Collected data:
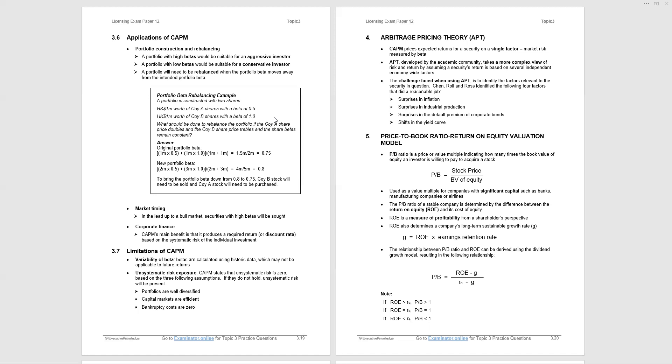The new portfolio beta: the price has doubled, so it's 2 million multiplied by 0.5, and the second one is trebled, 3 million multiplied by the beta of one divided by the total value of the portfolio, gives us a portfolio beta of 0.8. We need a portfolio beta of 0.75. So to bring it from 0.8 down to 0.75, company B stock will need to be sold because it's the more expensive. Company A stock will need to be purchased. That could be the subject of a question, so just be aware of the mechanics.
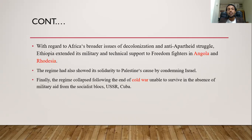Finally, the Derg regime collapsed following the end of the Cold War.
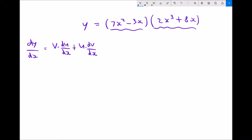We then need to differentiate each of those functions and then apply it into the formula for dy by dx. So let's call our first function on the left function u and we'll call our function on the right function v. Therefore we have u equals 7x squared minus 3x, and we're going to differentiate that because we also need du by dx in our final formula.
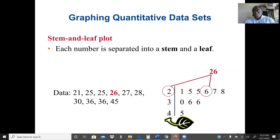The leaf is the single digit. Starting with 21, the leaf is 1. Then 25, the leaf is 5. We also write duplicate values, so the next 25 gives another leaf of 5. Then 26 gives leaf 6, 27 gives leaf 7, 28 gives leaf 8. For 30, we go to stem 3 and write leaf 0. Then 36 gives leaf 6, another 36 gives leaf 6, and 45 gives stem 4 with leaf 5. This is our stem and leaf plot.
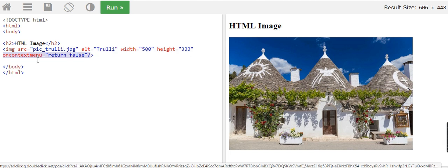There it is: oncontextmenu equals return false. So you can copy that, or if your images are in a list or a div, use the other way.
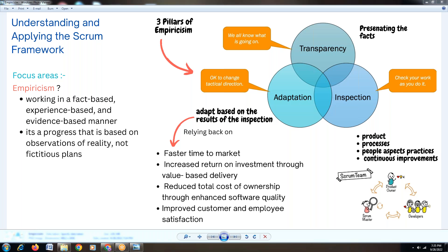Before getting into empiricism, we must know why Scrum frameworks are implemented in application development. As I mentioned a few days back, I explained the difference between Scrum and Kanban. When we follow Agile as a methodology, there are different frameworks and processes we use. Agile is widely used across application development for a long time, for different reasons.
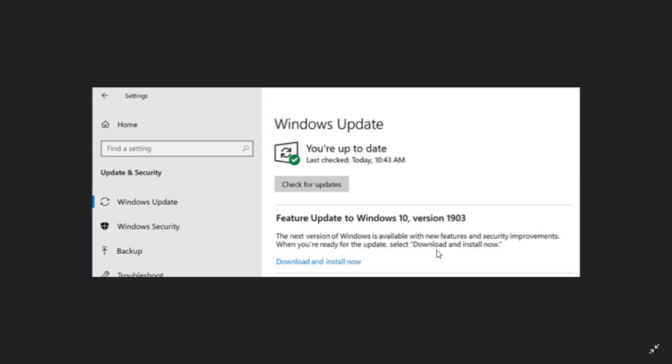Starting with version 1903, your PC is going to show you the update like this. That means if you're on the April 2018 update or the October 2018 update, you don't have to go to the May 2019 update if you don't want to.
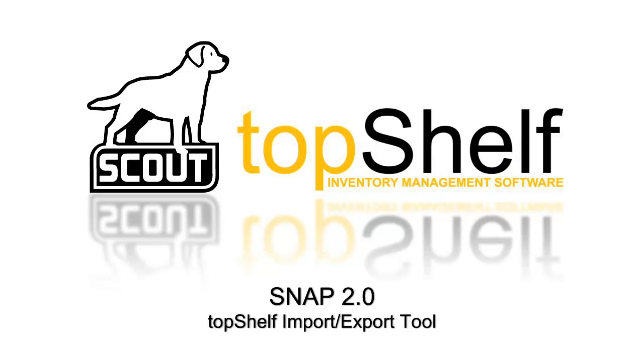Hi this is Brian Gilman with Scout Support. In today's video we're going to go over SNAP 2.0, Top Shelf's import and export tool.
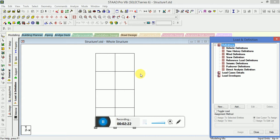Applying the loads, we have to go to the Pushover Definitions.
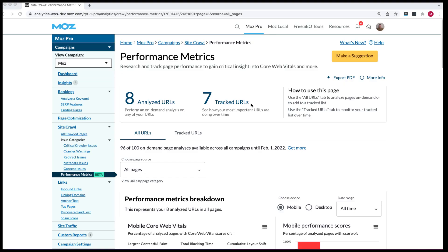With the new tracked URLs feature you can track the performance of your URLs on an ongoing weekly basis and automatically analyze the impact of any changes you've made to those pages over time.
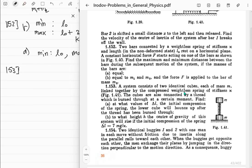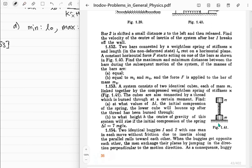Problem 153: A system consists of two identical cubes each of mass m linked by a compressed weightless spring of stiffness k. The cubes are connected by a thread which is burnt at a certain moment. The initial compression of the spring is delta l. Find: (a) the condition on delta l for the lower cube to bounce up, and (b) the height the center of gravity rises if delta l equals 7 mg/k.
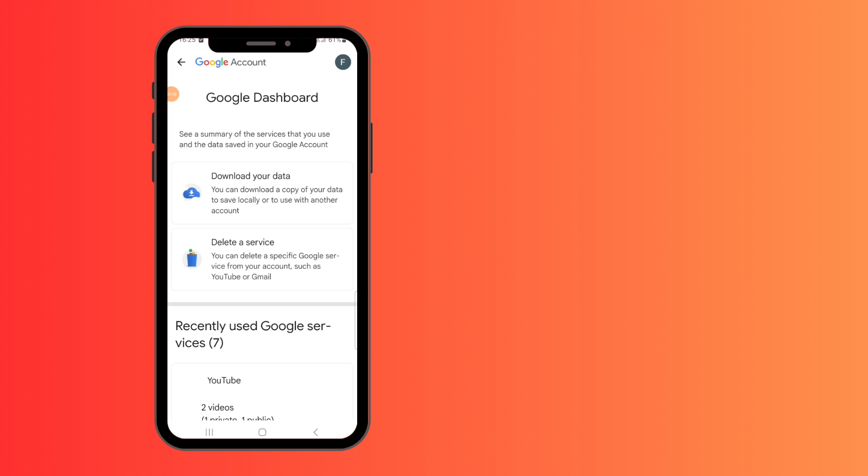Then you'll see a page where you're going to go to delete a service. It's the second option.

Task to complete:
Retype every record as it stands. None of the pictures should appear.

Written reply:
The new portfolio beta: the price has doubled, so it's 2 million multiplied by 0.5, and the second one is trebled, 3 million multiplied by the beta of one divided by the total value of the portfolio, gives us a portfolio beta of 0.8. We need a portfolio beta of 0.75. So to bring it from 0.8 down to 0.75, company B stock will need to be sold because it's the more expensive. Company A stock will need to be purchased. That could be the subject of a question, so just be aware of the mechanics.
Finally, the Derg regime collapsed following the end of the Cold War.
We then need to differentiate each of those functions and then apply it into the formula for dy by dx. So let's call our first function on the left function u and we'll call our function on the right function v. Therefore we have u equals 7x squared minus 3x, and we're going to differentiate that because we also need du by dx in our final formula.
The leaf is the single digit. Starting with 21, the leaf is 1. Then 25, the leaf is 5. We also write duplicate values, so the next 25 gives another leaf of 5. Then 26 gives leaf 6, 27 gives leaf 7, 28 gives leaf 8. For 30, we go to stem 3 and write leaf 0. Then 36 gives leaf 6, another 36 gives leaf 6, and 45 gives stem 4 with leaf 5. This is our stem and leaf plot.
There it is: oncontextmenu equals return false. So you can copy that, or if your images are in a list or a div, use the other way.
Before getting into empiricism, we must know why Scrum frameworks are implemented in application development. As I mentioned a few days back, I explained the difference between Scrum and Kanban. When we follow Agile as a methodology, there are different frameworks and processes we use. Agile is widely used across application development for a long time, for different reasons.
Starting with version 1903, your PC is going to show you the update like this. That means if you're on the April 2018 update or the October 2018 update, you don't have to go to the May 2019 update if you don't want to.
Hi this is Brian Gilman with Scout Support. In today's video we're going to go over SNAP 2.0, Top Shelf's import and export tool.
Applying the loads, we have to go to the Pushover Definitions.
With the new tracked URLs feature you can track the performance of your URLs on an ongoing weekly basis and automatically analyze the impact of any changes you've made to those pages over time.
Problem 153: A system consists of two identical cubes each of mass m linked by a compressed weightless spring of stiffness k. The cubes are connected by a thread which is burnt at a certain moment. The initial compression of the spring is delta l. Find: (a) the condition on delta l for the lower cube to bounce up, and (b) the height the center of gravity rises if delta l equals 7 mg/k.
Then you'll see a page where you're going to go to delete a service. It's the second option.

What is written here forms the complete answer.